The paper includes an important disclaimer: "the treatment in this paper is entirely human-authored (aside from excerpts in an appendix which are clearly marked as such)."

So we have an AI-assisted proof where the final writeup is human-authored, the problem decomposition is human-designed, the verification is human-performed, and the strategic direction is human-guided. What exactly did Gemini contribute?

The AI proved useful for "routine tasks like identifying connections to cross-disciplinary papers and writing data-generation code." But Vakil said "the most striking experience was how it propelled the project forward intellectually." Those are different claims.

The GPT-5.2 comparison is instructive

This lands in the middle of ongoing Erdős problem discourse. GPT-5.2 Pro recently solved Erdős Problem #397, with Fields Medalist Terence Tao accepting the proof after it was formalized in Lean. GPT-5.2 has now cracked problems #728, #729, and #397.

But Tao emphasized these are "lowest-hanging fruit" problems solvable with standard techniques, not profound breakthroughs. And even the #728 result came with three caveats: the original problem statement was ambiguous, similar results existed in existing literature, and the "autonomous" solve involved multiple models with human coordination at every stage.

The DeepMind paper is more honest about the collaboration. It doesn't claim autonomy.

What this actually demonstrates

The work came from DeepMind's Blueshift team, with researchers Freddie Manners and G. Salafatinos working alongside academic collaborators including Jim Bryan and Balázs Elek. DeepMind has been pushing AI for math since their AlphaGeometry and AlphaProof systems achieved silver-medal standard at the International Mathematical Olympiad in 2024. Gemini Deep Think hit gold-medal level at the 2025 IMO, solving five of six problems.

But competition math and research math are different beasts. Competition problems have known solutions. Research means finding something new. This paper claims to be research. That's the interesting part.

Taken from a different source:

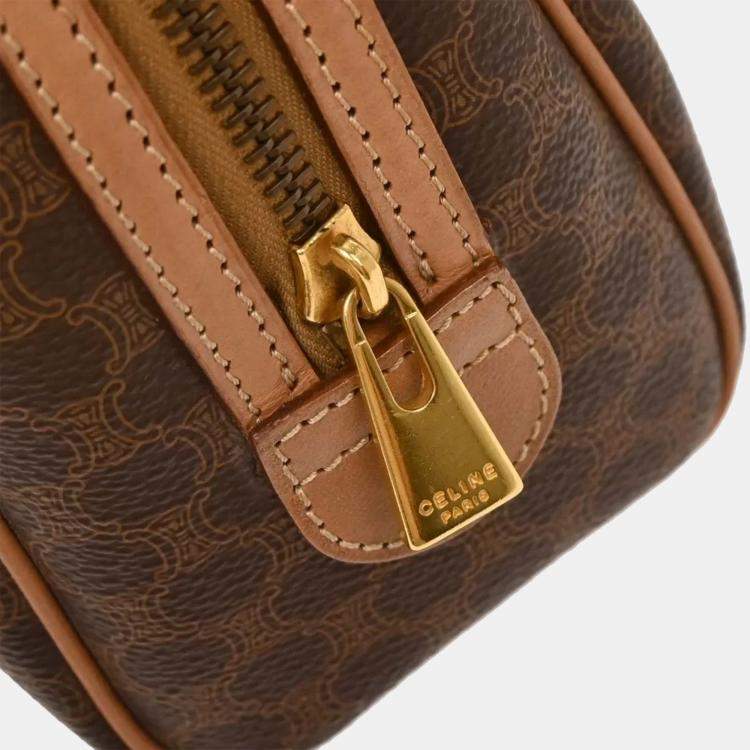 Pre Owned Celine Brown Macadam 2way Handbag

The methodology section describes a system called "FullProof" that was used during the work, but details on how it operates aren't provided. Probably something similar to the Pro-model reasoning approaches from OpenAI or DeepMind's own Deep Think.

The uncomfortable middle ground

Neither "AI can now do math research autonomously" nor "this is just a fancy autocomplete" captures what's happening here.

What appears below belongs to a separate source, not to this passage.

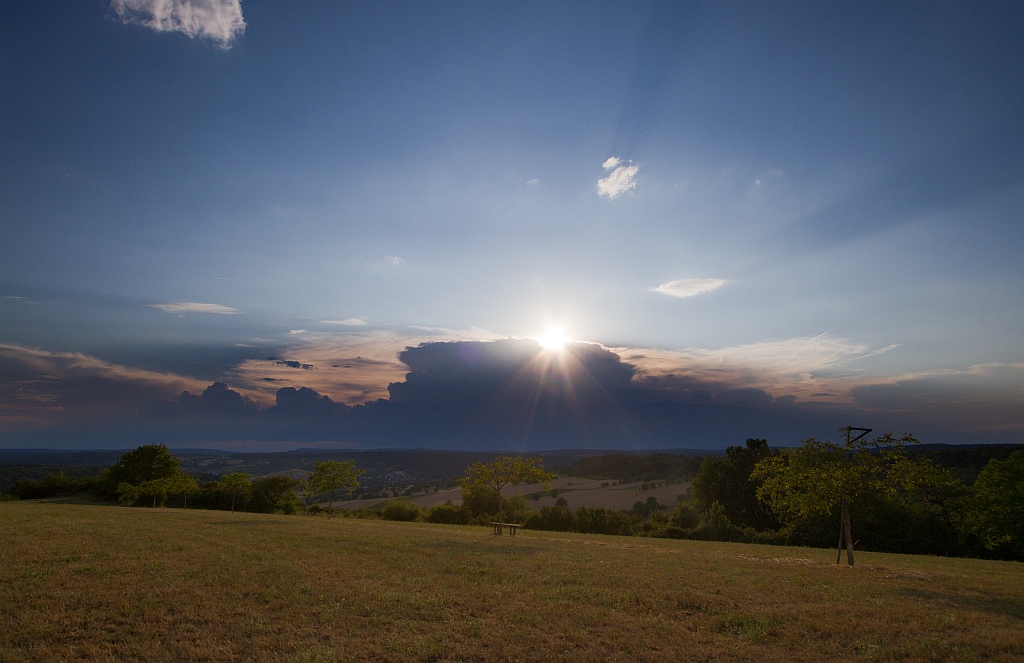 Cumulonimbus im Gegenlicht 06.07.2014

A more accurate description: AI models can now participate meaningfully in mathematical research when embedded in a careful human-designed process, with expert oversight at each step, and with strategic prompting that essentially teaches the model the problem structure. Whether that's impressive or underwhelming depends on your priors.

Vakil found "how meaningful mathematical progress emerged from this genuine synergy." The emphasis on synergy rather than replacement seems deliberate. Human mathematicians still do the hard conceptual work. The AI accelerates some parts.

The paper doesn't specify what "FullProof" does or how much compute was involved. I reached out to DeepMind for details. No response yet.

Watch for the follow-up papers. DeepMind launched an "AI for Math Initiative" partnering with institutions like Imperial College London to explore AI-assisted mathematical research. More results are coming, and we'll eventually get a clearer picture of what these tools can and can't do.